[Entries taken from a collection]
*** Begin section ***

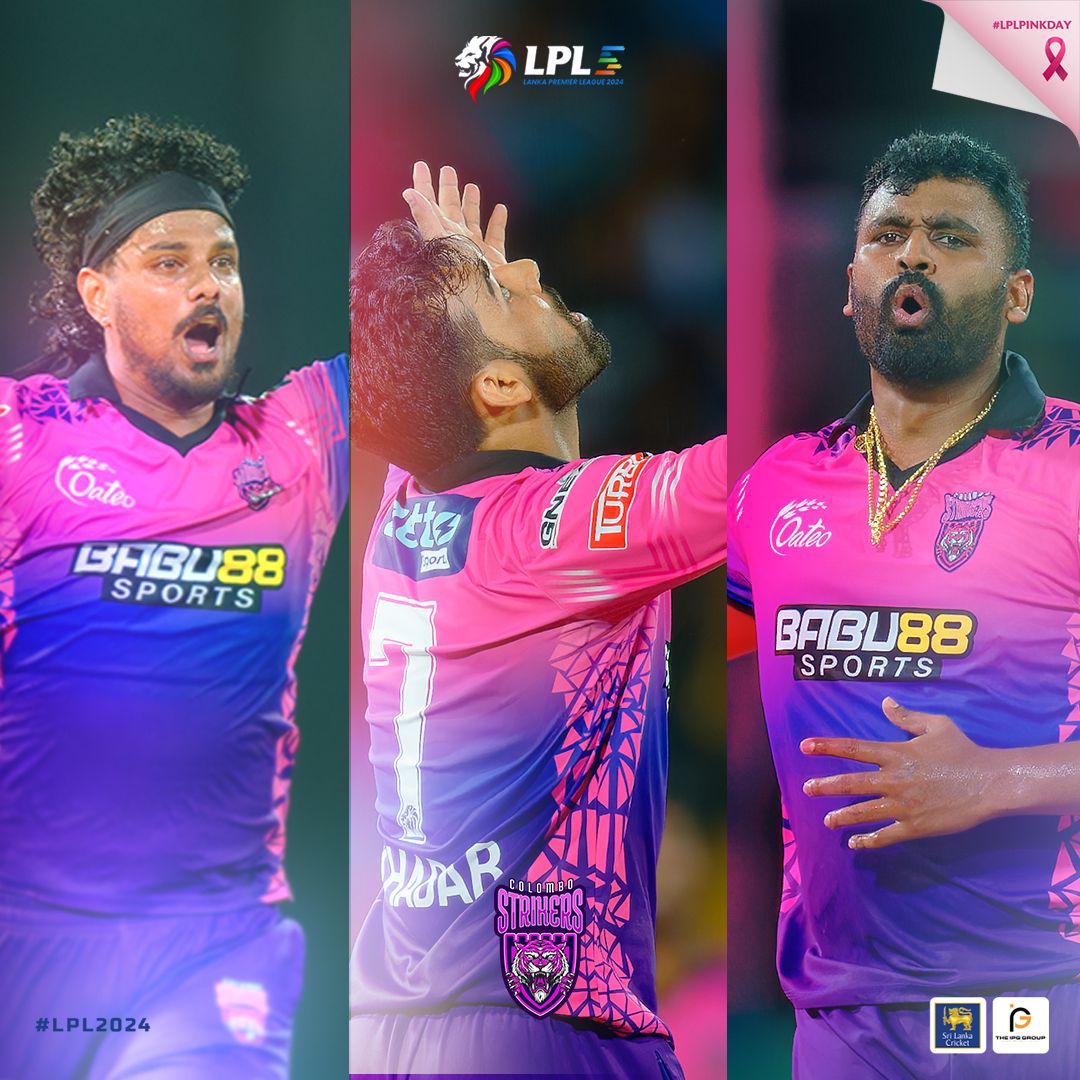 LPLT20's tweet photo. Pure joy! Strikers' bowlers celebrate their triumphant wicket haul with happy emotions all around! 🏏🎉 

#LPL2024 #LPLPinkDay https://t.co/b2cnRnm9sg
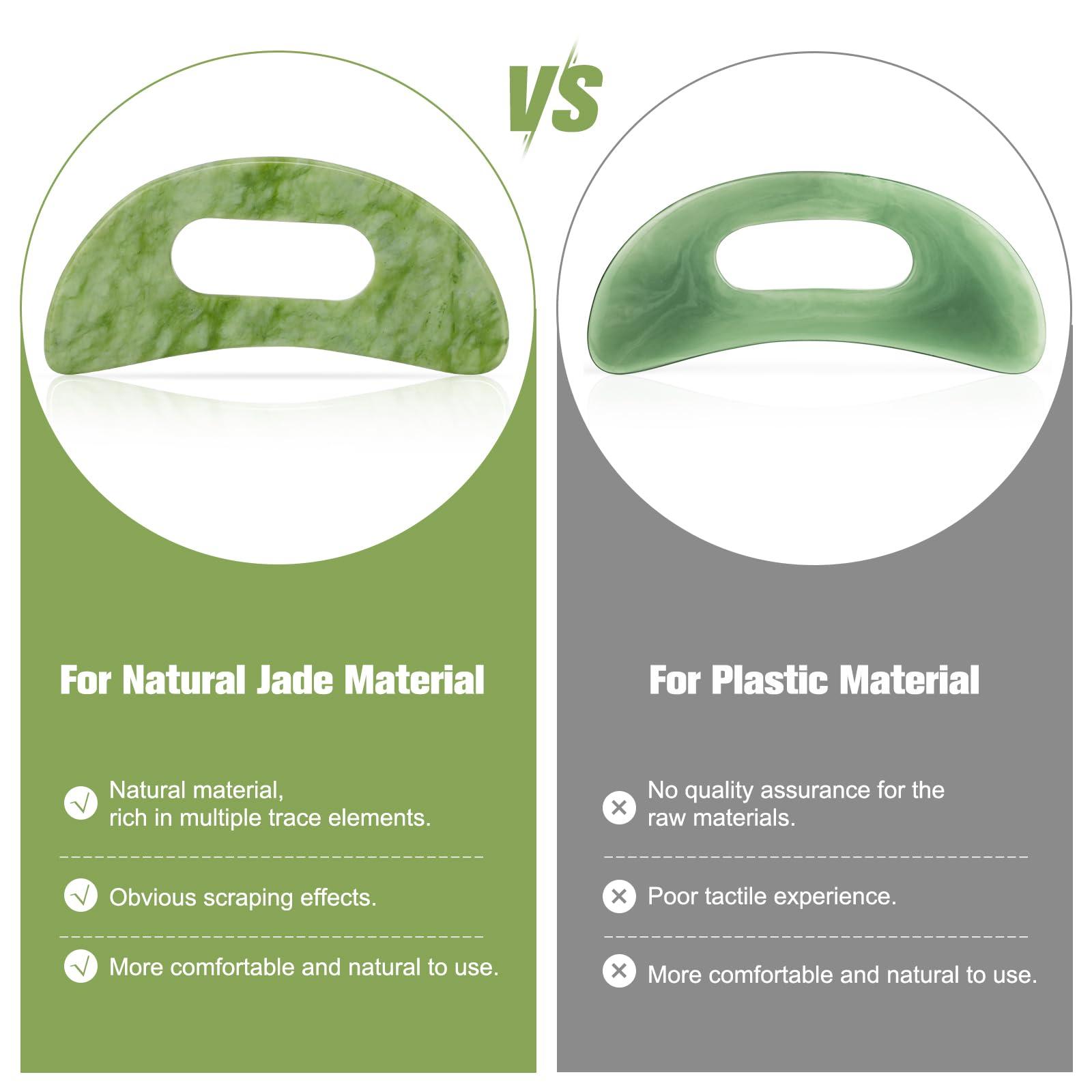 airogym Jade Stone Gua Sha Massage Tool Set Larger Guasha Board with Handle, Muscle Scraping Massage Tools, Guasha Scraping Scalp Comb, Acupuncture Tools for Back Neck, Head, Relaxation Lymphatic Drainage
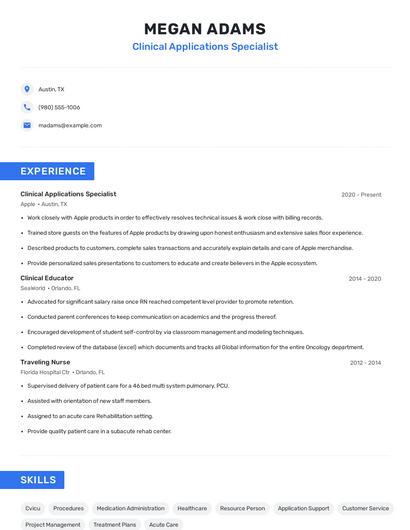 Clinical Applications Specialist Resume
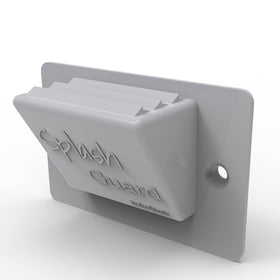 The Skimmie Splash Guard on a gray overflow drain cover reduces water loss.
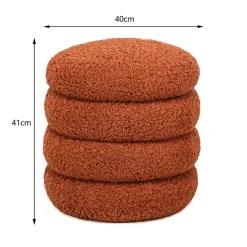 Poef met terracotta krullen en houten basis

*** End section ***

— EXERCISE OBJECTIVE —
Output only the lines running from the top of the data above to the line with "#LPL2024 #LPLP", inclusive, word for word and without pictures.

— RESULT BELOW —
 LPLT20's tweet photo. Pure joy! Strikers' bowlers celebrate their triumphant wicket haul with happy emotions all around! 🏏🎉 

#LPL2024 #LPLPinkDay https://t.co/b2cnRnm9sg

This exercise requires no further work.